With the breakthrough of alternative music into the mainstream, the emo acts of DC formed connections with others across America through correspondence, touring, and even producing; Jawbox’s J Robbins was a primary producer of many well-known 2nd wave emo acts. As the ideological, aesthetic, and musical aspects of emo spread around the country, tight bonds were formed by dis-separate acts throughout the Mid West. Those who form the core of 2nd wave emo acts  – The Promise Ring, Jimmy Eat World, Mineral, Christie Front Drive, etc – were all connected through friendship rather than sharing three chords.

Even today, when emo has lost a lot of its elasticity of definition due to stereotypes, community is as an important aspect as ever.
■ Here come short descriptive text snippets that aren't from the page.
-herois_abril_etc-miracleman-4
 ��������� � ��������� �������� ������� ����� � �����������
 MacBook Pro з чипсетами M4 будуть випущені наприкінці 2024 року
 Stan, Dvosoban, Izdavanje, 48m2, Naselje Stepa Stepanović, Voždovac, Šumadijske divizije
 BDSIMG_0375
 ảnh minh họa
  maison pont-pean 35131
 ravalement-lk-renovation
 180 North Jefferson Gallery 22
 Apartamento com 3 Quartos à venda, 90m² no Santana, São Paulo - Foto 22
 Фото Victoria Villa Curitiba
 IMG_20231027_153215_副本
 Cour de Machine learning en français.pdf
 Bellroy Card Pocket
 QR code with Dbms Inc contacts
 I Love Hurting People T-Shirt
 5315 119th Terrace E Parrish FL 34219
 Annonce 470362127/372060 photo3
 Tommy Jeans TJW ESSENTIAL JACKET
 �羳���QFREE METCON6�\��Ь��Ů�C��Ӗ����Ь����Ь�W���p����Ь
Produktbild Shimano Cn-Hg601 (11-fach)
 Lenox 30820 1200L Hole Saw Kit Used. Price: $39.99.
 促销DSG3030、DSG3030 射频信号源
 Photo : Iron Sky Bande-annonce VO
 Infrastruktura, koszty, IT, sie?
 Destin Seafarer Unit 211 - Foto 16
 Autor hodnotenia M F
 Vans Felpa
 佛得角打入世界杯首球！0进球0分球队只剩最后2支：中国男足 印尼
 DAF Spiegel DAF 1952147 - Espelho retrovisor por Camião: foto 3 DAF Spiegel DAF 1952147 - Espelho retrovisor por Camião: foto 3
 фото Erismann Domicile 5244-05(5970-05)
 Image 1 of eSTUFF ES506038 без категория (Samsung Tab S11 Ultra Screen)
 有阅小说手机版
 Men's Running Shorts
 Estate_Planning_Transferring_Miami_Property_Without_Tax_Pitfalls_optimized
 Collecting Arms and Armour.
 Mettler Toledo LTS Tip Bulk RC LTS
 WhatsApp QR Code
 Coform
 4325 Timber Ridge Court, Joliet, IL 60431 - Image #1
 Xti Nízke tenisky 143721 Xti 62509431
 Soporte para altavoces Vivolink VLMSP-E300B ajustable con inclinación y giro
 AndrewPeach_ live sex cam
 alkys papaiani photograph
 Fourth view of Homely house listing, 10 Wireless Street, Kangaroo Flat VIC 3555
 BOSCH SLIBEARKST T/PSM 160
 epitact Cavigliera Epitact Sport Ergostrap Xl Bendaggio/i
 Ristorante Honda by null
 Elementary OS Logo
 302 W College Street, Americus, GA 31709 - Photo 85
Acts bond through touring (such as playing together on Warped Tour), shared record labels (Vagrant, Fueled By Ramen), a communal upbringing (such as Thursday and numerous other acts who honed their sound in New Jersey basements), and friendship (be it Thursday and My Chemical Romance or Fall Out Boy and Panic! At The Disco). Community is the strongest bond of the most-creative (and often times, successful) emo acts. Those bands looking to take advantage of a currently-popular, commercially-consumed genre tend to bring out the worst in emo. But it’s community that has allowed emo to continue to thrive and survive to this day, and it’s community that will continue to drive some of the most ingenious and forward-thinking musical movements.